Pennsylvania Dutch is actually a misnomer, as the language is more correctly termed Pennsylvania Deutch, or Old German. The earliest settlers immigrated into the Lehigh, Berks, and Northampton counties of Pennsylvania from Germany in 1830 to 1840. They formed their own small enclaves, which were named after European towns or after an influential individual. Most of the settlers were Lutheran, emigrating to escape religious persecution. They perpetuated their beloved religion, language, customs, and art while blending with their American communities.
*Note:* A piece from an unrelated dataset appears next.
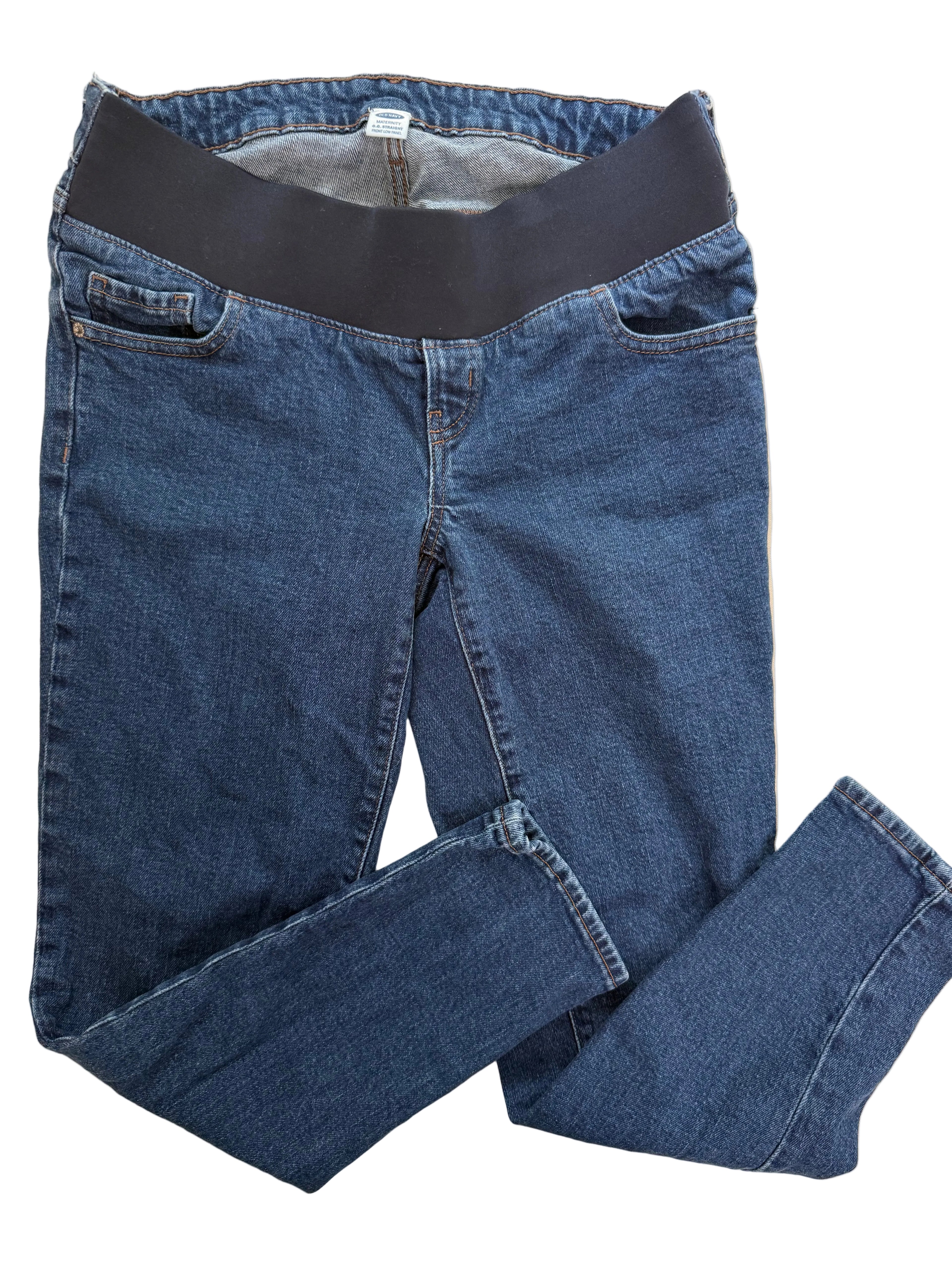 Old Navy, 6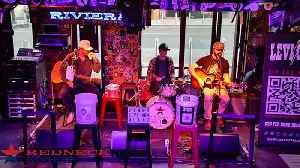 JANUARY 13 2026 LIVE AT REDNECK RIVIERA BAR PART 2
Families today continue to gather at fersommlings, where they celebrate their German heritage in fun and fellowship.
Grundsow (Groundhog) Lodge Nummer Ains (Number 1), the oldest and largest of the Pennsylvania groundhog lodges, was established in 1933 to preserve PA German language, culture and traditions. Seventeen Groundhog Lodges are still active today. As they celebrate Groundhog Day with food and festivities, the appointed die wedder barichda (weather forecaster) consults their mascot, usually a ceremonial stuffed groundhog, for insight into the course of winter.
The small town of Punxsutawney, PA (population 5934) has celebrated their own version of Groundhog Day since 1886. The event grew slowly over the years, exploding in popularity after the 1993 Columbia Pictures – Bill Murray movie “Groundhog Day”. According to legend, if the groundhog Punxsutawney Phil sees his shadow, there will be six more weeks of winter; if he doesn’t see his shadow, we can look forward to an early spring. Up to 40,000 visitors now converge annually on Gobblers Knob for Groundhog Day, bringing in over $1 million each year to the local economy.